REQUIREMENT
Starting at the line that contains "Le Bourg topographic map, elevation, terrain" and stopping at the line that contains "Youth - Crocs", transcribe every line of the material below exactly; pictures stay out.
○ ○ ○ ○ ○
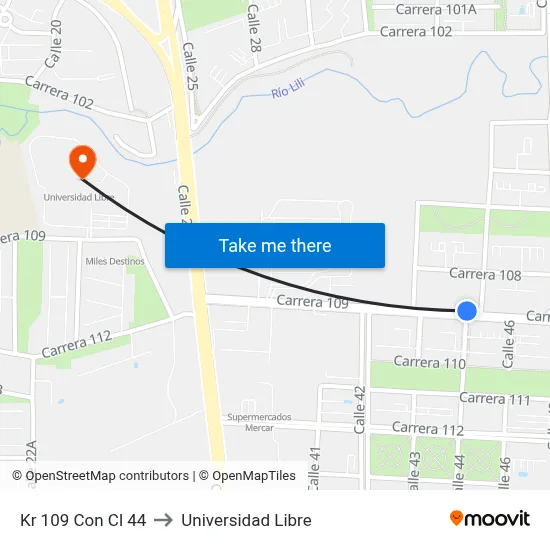 Kr 109 Con Cl 44 to Universidad Libre map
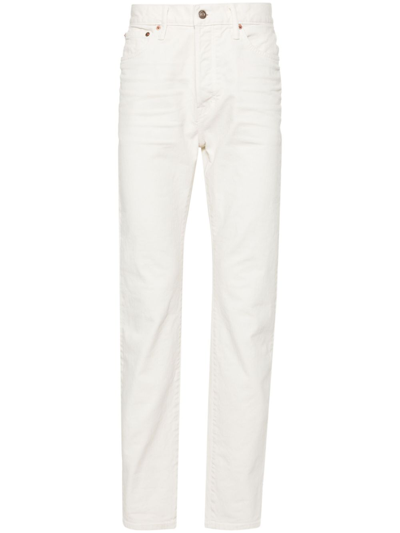Shop Tom Ford White Whiskering-effect Jeans In Neutrals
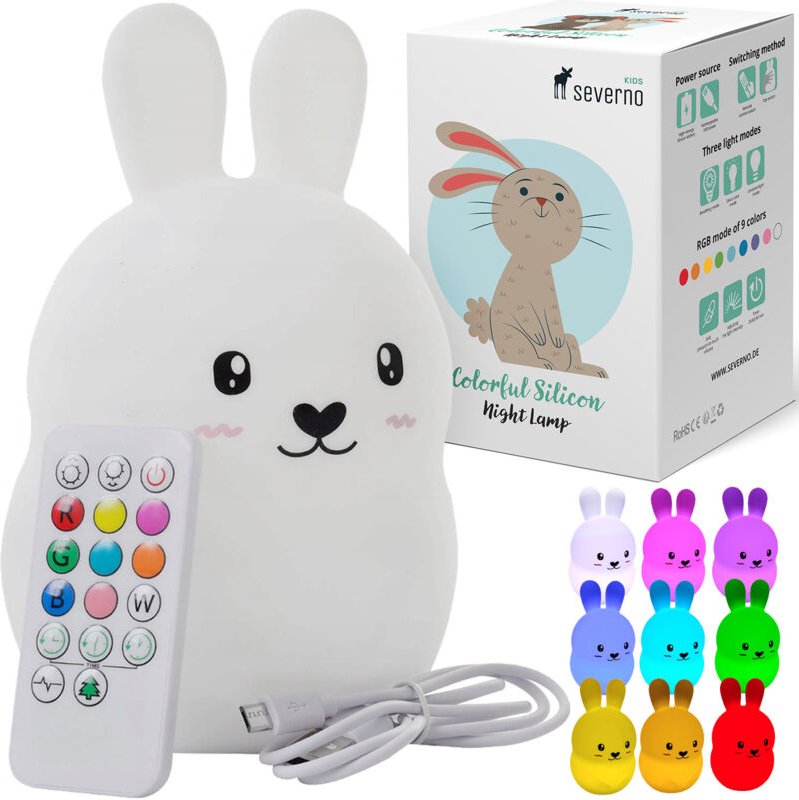 Silikon-Hasen-Nachtlicht für Kinder, LED-USB + Fernbedienung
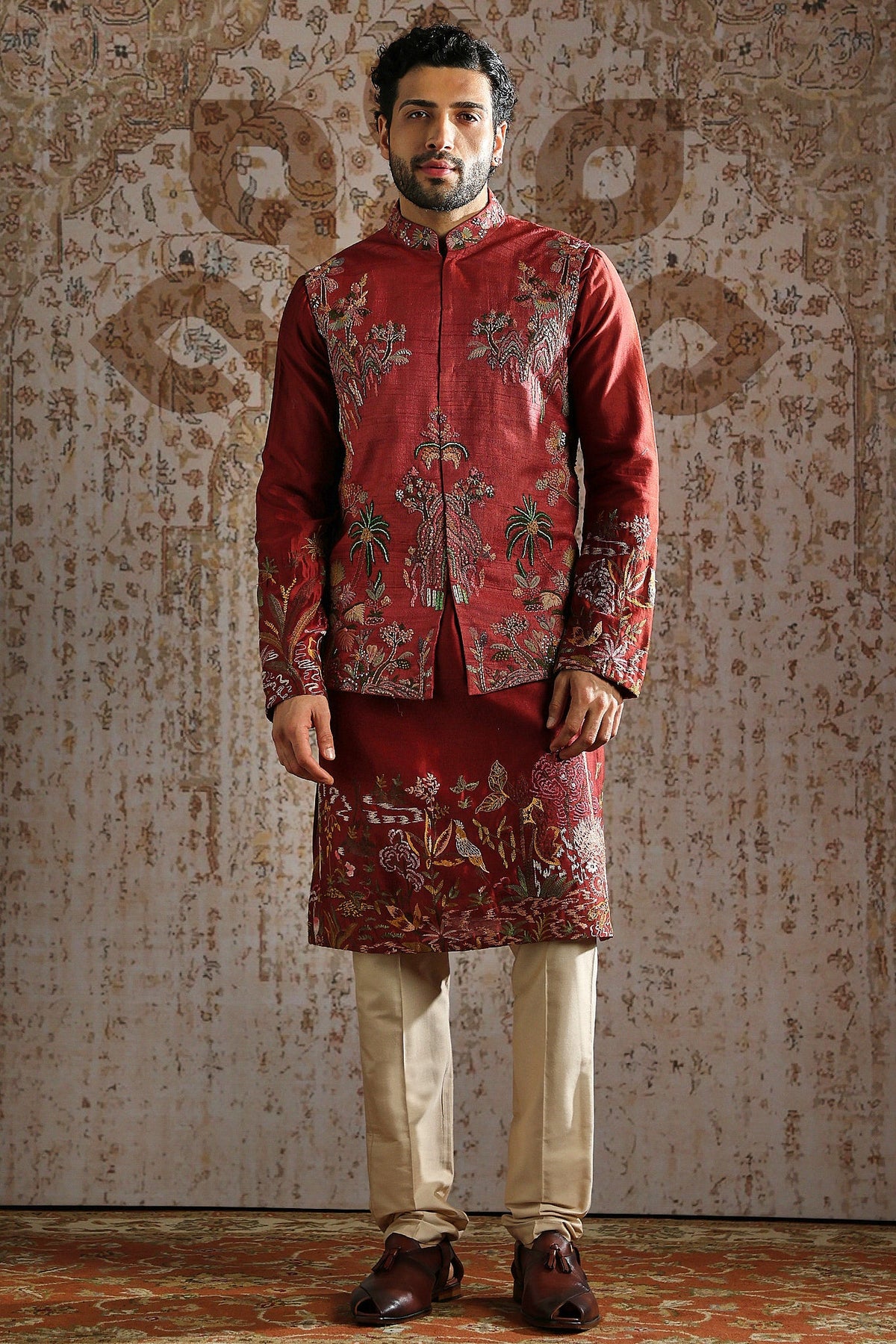 Red Gold Brocade Kurta Bundi Set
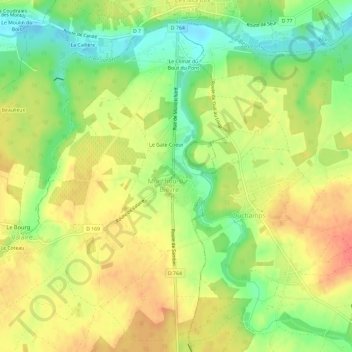 Le Bourg topographic map, elevation, terrain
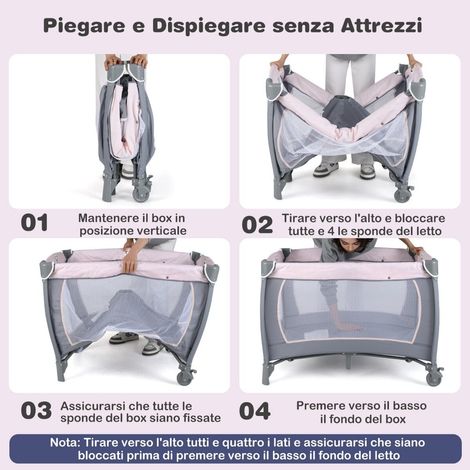 Parc bébé rose pliable 5-en-1 avec berceau à bascule, table à langer et arche musicale pour maison, voyage et plein air (1/5)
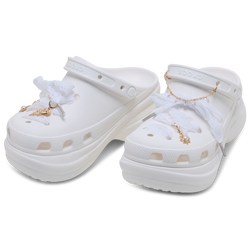 Youth - Crocs Laces & Pearl Chain Charm Kit - Gold/White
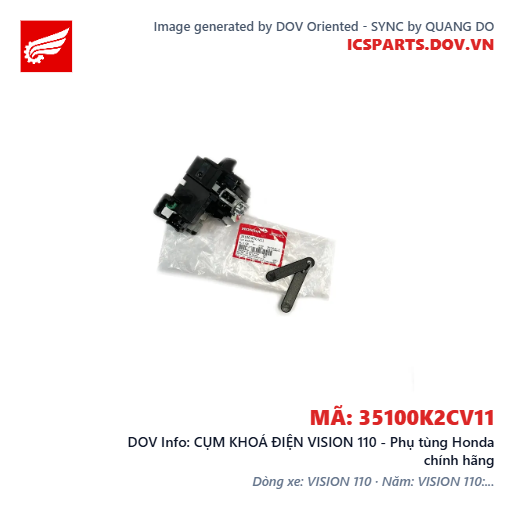CỤM KHOÁ ĐIỆN VISION 110 - Phụ tùng Honda chính hãng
○ ○ ○ ○ ○
WRITTEN SOLUTION
 Le Bourg topographic map, elevation, terrain
 Parc bébé rose pliable 5-en-1 avec berceau à bascule, table à langer et arche musicale pour maison, voyage et plein air (1/5)
 Youth - Crocs Laces & Pearl Chain Charm Kit - Gold/White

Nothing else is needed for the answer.